Monsieur F X et Madame Z A épouse X ont formé appel de ce jugement par une déclaration d’appel transmise par la voie électronique le 14 septembre 2012.
Aux termes d’ultimes conclusions récapitulatives déposées et signifiées par la voie électronique le 5 septembre 2013, Monsieur F X et Madame Z A épouse X demandent à la Cour de :
— infirmer en toutes ses dispositions le jugement entrepris ;
— prononcer la nullité du protocole d’accord signé le 30 juin 2009, d’une part, pour violence économique, d’autre part, en vertu de l’exception d’inexécution ;
— prononcer la résolution judiciaire de la vente en l’état futur d’achèvement consentie par la SNC Creil Boufflette, en vertu des dispositions des articles 1610 et 1184 du code civil ;
— ordonner la publication du jugement (sic) aux frais de la SNC Creil Boufflette ;
— la résolution étant prononcée aux torts du vendeur, condamner la SNC Creil Boufflette à réparer l’entier préjudice que la situation sus décrite fait subir à Monsieur F X et Madame Z A épouse X :
— intérêts intercalaires ''''''''. 1.900, 00 €
— frais de notaire ''''''''..' 12.500, 00 €
— réservation '''''''..'''' 1.500, 00 €
— préjudice moral '''''''''.. 60.000, 00 €
— condamner en outre la SNC Creil Boufflette à restituer à Monsieur F X et Madame Z A épouse X le prix de vente, soit la somme de 175.000 euros, majoré des intérêts à compter de l’arrêt ;
— leur donner acte qu’ils rembourseront alors le Crédit Foncier de France et la Banque Postale à concurrence des sommes prêtées, soit les sommes suivantes, moins le montant des remboursement intégraux qu’ils ont opéré :
— pour le Crédit Foncier de France '''''' 16.500, 00 €
— pour la Banque Postale '''''''''..150.940, 00 €
A titre subsidiaire,
— désigner un huissier afin d’établir les comptes entre les parties en cas de contestation ;
— condamner la SCN Creil Boufflette en tous les dépens outre une indemnité de 5.000 euros sur le fondement de l’article 700 du code de procédure civile.

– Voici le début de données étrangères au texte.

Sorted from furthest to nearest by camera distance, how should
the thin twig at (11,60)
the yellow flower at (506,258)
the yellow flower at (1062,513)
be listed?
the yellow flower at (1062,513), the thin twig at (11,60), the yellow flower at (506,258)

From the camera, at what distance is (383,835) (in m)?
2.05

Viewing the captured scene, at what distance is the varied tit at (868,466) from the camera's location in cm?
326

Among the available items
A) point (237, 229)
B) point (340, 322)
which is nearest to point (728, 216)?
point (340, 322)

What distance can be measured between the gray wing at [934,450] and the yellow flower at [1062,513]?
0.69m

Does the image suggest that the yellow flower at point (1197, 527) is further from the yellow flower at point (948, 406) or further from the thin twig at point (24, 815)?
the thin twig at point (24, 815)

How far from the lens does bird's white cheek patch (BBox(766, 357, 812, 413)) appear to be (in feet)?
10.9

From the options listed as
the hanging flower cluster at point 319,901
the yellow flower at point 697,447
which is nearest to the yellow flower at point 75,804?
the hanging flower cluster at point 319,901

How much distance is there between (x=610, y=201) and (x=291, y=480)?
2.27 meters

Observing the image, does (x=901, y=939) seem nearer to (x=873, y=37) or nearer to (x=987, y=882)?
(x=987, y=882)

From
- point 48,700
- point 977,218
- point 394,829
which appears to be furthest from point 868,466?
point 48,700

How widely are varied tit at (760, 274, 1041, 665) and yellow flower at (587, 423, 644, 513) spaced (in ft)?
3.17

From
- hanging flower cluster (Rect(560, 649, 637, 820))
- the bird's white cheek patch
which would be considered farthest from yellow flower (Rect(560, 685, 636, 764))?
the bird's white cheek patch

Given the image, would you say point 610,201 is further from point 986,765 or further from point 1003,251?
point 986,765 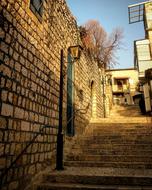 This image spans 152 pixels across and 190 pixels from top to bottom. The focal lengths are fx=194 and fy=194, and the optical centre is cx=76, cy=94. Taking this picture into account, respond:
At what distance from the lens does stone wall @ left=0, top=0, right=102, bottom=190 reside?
→ 2.89m

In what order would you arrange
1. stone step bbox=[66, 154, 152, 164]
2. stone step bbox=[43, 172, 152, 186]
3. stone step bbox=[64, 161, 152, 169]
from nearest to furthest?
stone step bbox=[43, 172, 152, 186]
stone step bbox=[64, 161, 152, 169]
stone step bbox=[66, 154, 152, 164]

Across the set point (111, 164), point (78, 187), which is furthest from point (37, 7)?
point (111, 164)

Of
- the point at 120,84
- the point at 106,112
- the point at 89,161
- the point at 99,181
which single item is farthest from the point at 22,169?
the point at 120,84

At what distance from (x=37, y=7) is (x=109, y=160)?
3994 mm

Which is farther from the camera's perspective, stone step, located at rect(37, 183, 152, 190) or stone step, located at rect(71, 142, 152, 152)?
stone step, located at rect(71, 142, 152, 152)

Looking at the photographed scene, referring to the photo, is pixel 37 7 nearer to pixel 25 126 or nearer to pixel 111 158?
pixel 25 126

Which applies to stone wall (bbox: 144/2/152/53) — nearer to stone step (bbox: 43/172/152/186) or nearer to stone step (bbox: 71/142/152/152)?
stone step (bbox: 71/142/152/152)

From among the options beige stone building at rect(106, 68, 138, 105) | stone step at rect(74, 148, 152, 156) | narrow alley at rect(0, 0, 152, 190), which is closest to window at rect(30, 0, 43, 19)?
narrow alley at rect(0, 0, 152, 190)

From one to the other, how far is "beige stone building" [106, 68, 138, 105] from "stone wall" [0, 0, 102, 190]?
71.6ft

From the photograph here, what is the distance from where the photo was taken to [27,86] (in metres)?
3.55

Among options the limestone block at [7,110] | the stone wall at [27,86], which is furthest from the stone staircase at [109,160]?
the limestone block at [7,110]

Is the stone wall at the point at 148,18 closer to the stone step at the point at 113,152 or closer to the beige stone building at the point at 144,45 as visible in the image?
the beige stone building at the point at 144,45

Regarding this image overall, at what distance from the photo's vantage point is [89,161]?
4.90 metres

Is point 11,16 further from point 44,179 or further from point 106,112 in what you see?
point 106,112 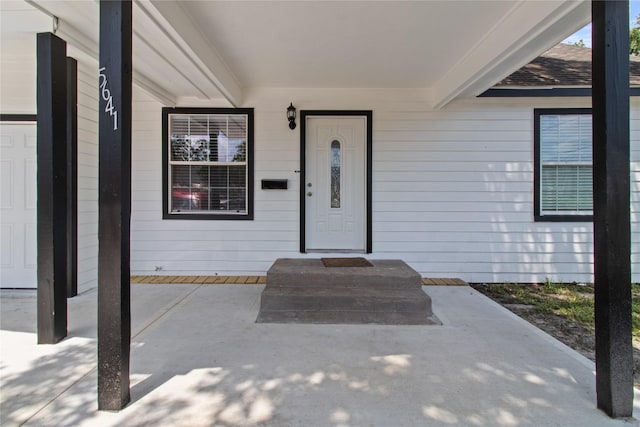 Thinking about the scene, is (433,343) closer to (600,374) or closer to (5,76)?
(600,374)

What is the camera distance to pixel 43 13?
253 cm

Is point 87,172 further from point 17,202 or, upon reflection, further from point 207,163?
point 207,163

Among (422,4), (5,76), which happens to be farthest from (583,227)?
(5,76)

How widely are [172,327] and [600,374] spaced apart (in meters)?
2.98

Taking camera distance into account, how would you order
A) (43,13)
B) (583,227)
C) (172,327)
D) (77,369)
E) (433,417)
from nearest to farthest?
(433,417)
(77,369)
(43,13)
(172,327)
(583,227)

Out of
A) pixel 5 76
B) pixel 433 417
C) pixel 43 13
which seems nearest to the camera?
pixel 433 417

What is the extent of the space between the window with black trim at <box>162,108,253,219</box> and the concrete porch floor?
1743mm

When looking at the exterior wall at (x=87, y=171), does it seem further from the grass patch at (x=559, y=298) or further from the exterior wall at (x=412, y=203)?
the grass patch at (x=559, y=298)

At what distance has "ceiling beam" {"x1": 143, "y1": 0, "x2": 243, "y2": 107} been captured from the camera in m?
2.30

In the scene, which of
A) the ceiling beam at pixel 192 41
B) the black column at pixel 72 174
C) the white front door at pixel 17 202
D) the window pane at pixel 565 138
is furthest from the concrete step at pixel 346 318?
the window pane at pixel 565 138

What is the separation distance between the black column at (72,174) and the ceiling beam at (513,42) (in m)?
4.09

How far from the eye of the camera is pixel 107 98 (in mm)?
1701

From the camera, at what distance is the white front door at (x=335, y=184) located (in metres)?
4.54

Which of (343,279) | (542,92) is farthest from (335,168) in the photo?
(542,92) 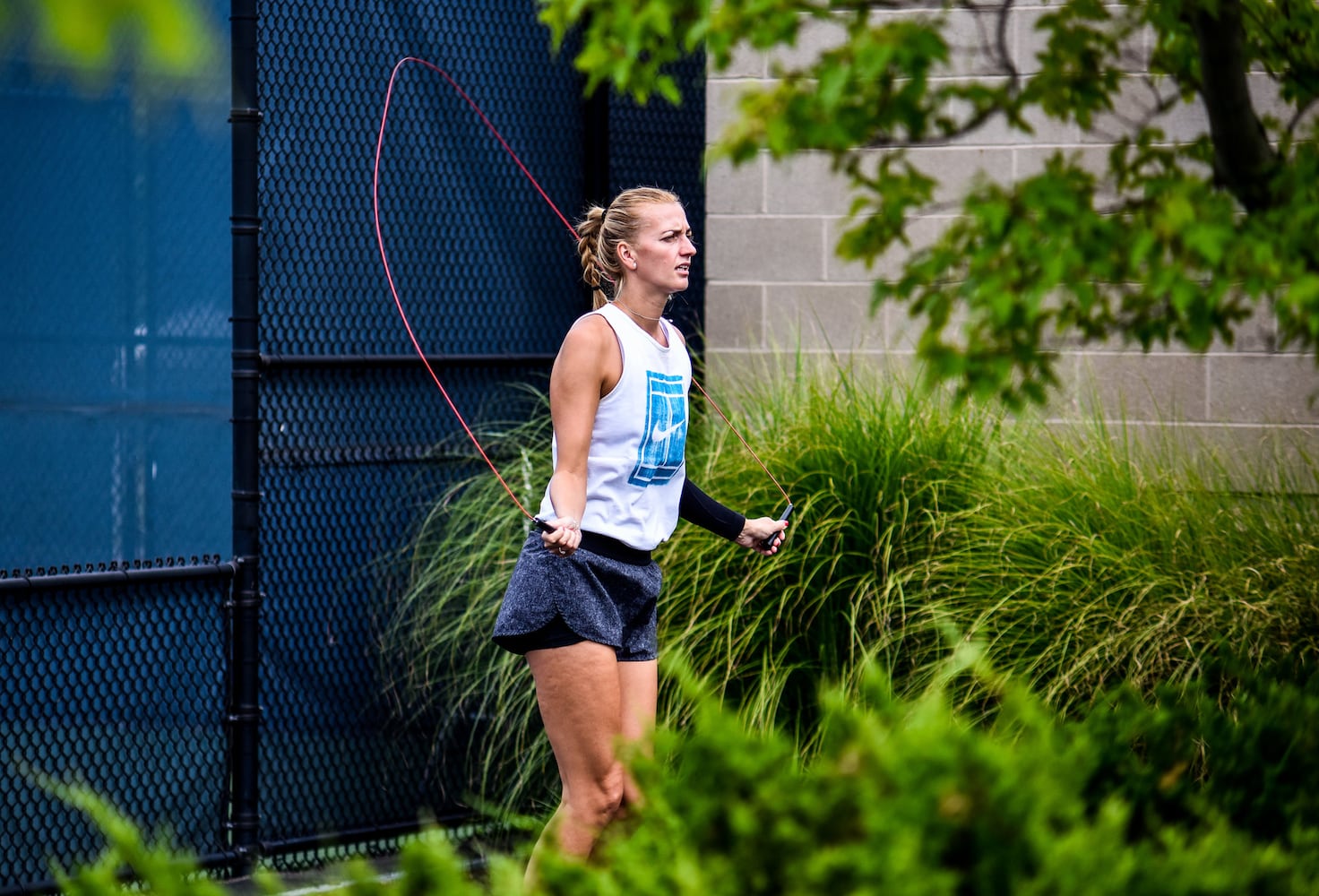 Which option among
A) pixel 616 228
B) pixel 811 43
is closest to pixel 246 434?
pixel 616 228

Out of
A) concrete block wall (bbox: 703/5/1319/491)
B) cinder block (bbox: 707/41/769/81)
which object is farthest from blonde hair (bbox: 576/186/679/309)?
cinder block (bbox: 707/41/769/81)

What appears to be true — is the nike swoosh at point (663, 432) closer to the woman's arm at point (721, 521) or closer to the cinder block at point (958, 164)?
the woman's arm at point (721, 521)

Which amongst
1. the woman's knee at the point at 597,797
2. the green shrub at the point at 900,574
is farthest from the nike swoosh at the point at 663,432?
the green shrub at the point at 900,574

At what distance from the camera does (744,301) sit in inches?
285

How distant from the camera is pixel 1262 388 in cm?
654

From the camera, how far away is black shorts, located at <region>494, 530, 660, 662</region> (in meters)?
4.09

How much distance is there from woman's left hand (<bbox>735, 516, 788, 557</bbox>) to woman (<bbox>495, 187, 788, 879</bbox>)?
33 cm

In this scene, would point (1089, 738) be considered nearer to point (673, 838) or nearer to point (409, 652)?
point (673, 838)

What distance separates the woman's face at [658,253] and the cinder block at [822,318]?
2.66 metres

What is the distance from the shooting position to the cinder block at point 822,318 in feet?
23.1

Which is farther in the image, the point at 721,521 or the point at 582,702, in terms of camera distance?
the point at 721,521

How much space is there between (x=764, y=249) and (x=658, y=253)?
9.58ft

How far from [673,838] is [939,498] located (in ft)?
11.0

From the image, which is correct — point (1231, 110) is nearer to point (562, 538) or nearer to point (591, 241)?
point (562, 538) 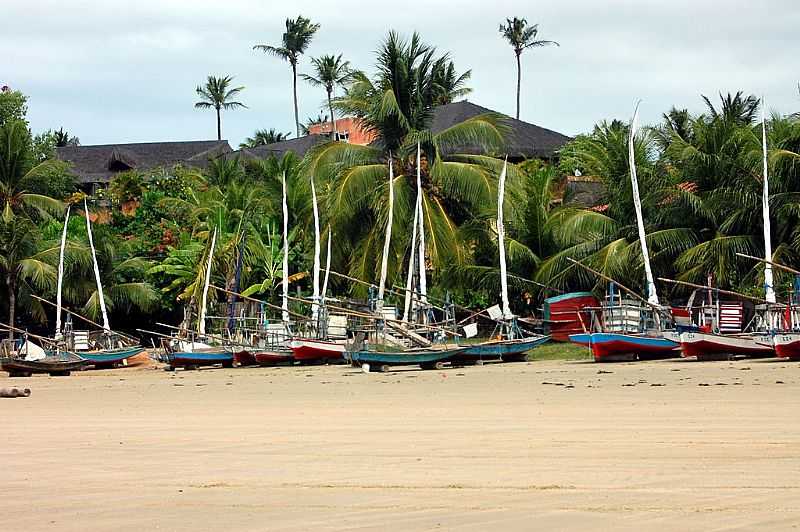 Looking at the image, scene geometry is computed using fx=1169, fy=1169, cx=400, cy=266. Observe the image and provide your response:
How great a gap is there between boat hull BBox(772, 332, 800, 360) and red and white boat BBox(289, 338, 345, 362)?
13.0 metres

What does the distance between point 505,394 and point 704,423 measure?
644 centimetres

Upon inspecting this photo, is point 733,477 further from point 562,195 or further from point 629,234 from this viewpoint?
point 562,195

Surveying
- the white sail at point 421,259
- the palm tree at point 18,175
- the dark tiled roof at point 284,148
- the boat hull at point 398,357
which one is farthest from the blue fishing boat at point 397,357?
the dark tiled roof at point 284,148

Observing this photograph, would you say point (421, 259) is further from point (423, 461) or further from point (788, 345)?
point (423, 461)

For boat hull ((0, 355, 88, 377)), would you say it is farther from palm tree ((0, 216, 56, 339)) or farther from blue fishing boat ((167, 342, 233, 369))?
palm tree ((0, 216, 56, 339))

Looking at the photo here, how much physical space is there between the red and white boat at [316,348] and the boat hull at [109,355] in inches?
330

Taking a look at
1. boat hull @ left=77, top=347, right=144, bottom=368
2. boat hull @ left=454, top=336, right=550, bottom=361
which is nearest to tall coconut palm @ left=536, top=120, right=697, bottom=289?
boat hull @ left=454, top=336, right=550, bottom=361

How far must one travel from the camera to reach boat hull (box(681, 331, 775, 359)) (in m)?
27.4

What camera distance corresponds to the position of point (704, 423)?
12.9m

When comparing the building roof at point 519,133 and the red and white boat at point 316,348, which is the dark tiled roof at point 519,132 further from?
the red and white boat at point 316,348

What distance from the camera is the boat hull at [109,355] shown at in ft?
130

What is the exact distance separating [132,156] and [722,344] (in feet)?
183

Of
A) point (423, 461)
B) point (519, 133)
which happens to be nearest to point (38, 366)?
point (423, 461)

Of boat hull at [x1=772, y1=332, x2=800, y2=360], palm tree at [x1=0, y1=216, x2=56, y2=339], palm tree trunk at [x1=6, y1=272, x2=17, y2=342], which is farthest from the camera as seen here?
palm tree at [x1=0, y1=216, x2=56, y2=339] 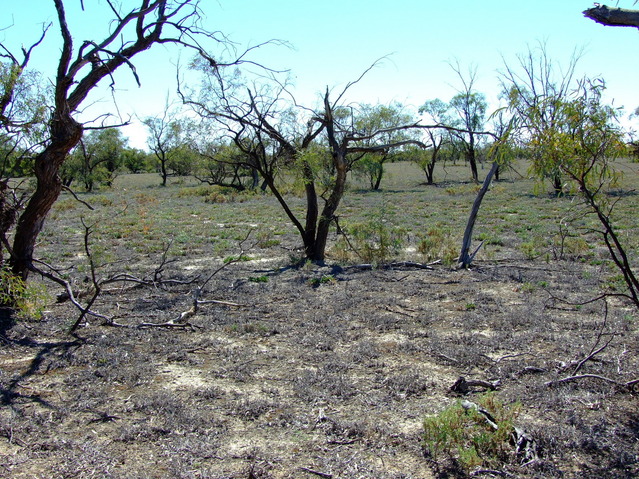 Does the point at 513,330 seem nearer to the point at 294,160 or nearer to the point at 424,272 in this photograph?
the point at 424,272

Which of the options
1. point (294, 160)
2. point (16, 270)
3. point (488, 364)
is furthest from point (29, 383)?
point (294, 160)

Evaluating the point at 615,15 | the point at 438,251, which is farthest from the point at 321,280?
the point at 615,15

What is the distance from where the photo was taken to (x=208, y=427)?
4836mm

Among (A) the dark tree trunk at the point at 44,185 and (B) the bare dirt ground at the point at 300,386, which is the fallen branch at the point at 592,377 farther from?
(A) the dark tree trunk at the point at 44,185

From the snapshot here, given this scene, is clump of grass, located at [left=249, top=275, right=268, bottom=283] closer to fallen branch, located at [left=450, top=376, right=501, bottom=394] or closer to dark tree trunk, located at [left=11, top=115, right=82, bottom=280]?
dark tree trunk, located at [left=11, top=115, right=82, bottom=280]

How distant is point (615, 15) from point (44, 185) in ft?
24.0

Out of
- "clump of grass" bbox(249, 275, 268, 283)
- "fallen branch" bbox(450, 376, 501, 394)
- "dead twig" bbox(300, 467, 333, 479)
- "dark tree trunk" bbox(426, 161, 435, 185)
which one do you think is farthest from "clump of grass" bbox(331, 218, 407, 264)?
"dark tree trunk" bbox(426, 161, 435, 185)

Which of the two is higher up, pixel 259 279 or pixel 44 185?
pixel 44 185

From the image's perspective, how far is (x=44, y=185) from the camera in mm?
7781

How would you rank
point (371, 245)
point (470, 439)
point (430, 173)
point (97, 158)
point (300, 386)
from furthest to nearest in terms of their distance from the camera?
point (430, 173), point (97, 158), point (371, 245), point (300, 386), point (470, 439)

Aux termes d’ultimes conclusions déposées et signifiées par la voie électronique le 4 novembre 2013, la SNC Creil Boufflette demande à la Cour, au visa des articles 1134, 1145, 1184, 1315, 1604 et suivants, 1642-1, 1648 et 2044 du code civil, de :
A titre principal,
— constater la validité du protocole d’accord conclu entre la SCN Creil Boufflette, Monsieur F X et Madame Z X ;
— déclarer irrecevable l’action en justice de Monsieur F X et Madame Z X ;
A titre subsidiaire,
— constater que la SCN Creil Boufflette justifie de causes légitimes de retard prévues contractuellement ;
— constater que la SCN Creil Boufflette justifie d’un cas de force majeure ;
— constater qu’il n’y a pas lieu à résolution judiciaire du contrat aux torts de la SCN Creil Boufflette ;
— constater que Monsieur F X et Madame Z X ne rapportent pas la preuve des préjudices allègués ;
— en conséquence, débouter Monsieur F X et Madame Z X de l’intégralité de leurs demandes ;
— en conséquence, dire et juger que Monsieur F X et Madame Z X doivent prendre possession de leur appartement à compter de la date de l’arrêt à intervenir, sous astreinte de 100 euros par jour de retard, en contrepartie du versement du solde du prix de vente d’un montant de 10.500 euros à la SNC Creil Boufflette, avec intérêts au taux contractuel de 1 % par mois de retard à compter du 18 novembre 2009 ;
En tout état de cause,
— condamner Monsieur F X et Madame Z X au paiement de la somme de 3.000 euros au titre de l’article 700 du code de procédure civile, ainsi qu’aux entiers dépens de l’instance, qui seront recouvrés directement par Maître Sybille Dumoulin, conformément aux dispositions de l’article 699 du code de procédure civile ;
— débouter la Banque Postale de ses demandes à l’encontre de la SNC Creil Boufflette ,
— débouter le Crédit Foncier de France de ses demandes à l’encontre de la SNC Creil Boufflette.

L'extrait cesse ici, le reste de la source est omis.